### REQUIRED ACTION
Print the entire listing below word for word, excluding its pictures.

### DATA SHOWN

----

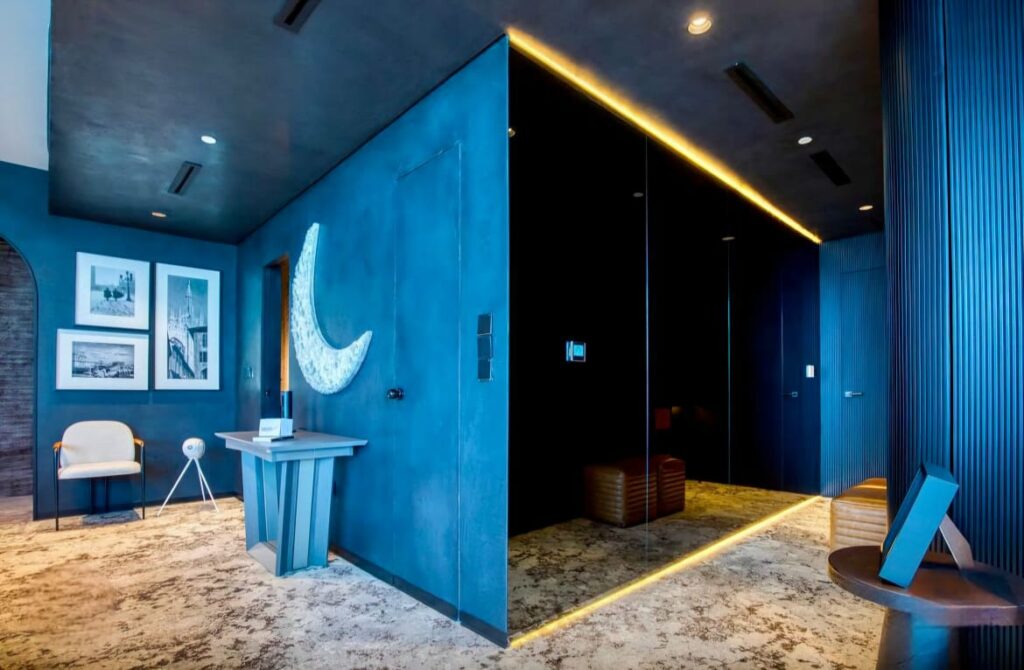 The Moon Apartment
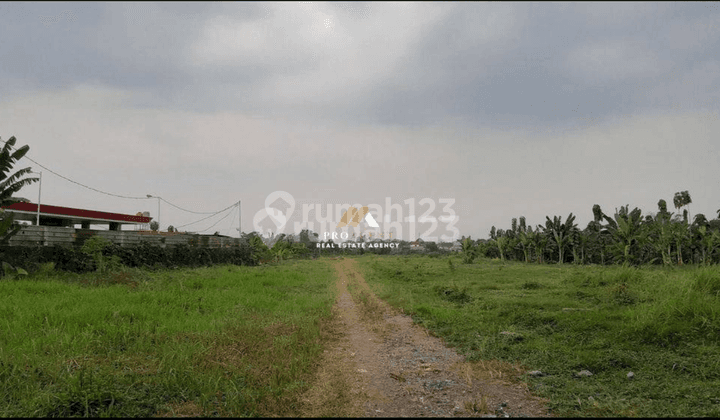 Dijual Lahan 9 Hektare SHM di Jl Soleh Iskandar Kota Bogor 1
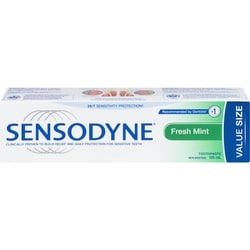 SENSODYNE FRESH MINT 135ML
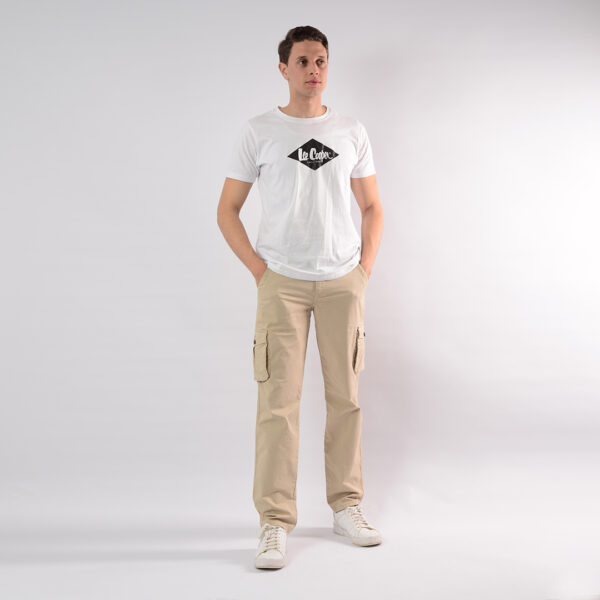 Lee Cooper Pantalon Cargo Lima-18 Ragos-2 Homme Li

----

### RESPONSE TO THE TASK
 The Moon Apartment
 Dijual Lahan 9 Hektare SHM di Jl Soleh Iskandar Kota Bogor 1
 SENSODYNE FRESH MINT 135ML
 Lee Cooper Pantalon Cargo Lima-18 Ragos-2 Homme Li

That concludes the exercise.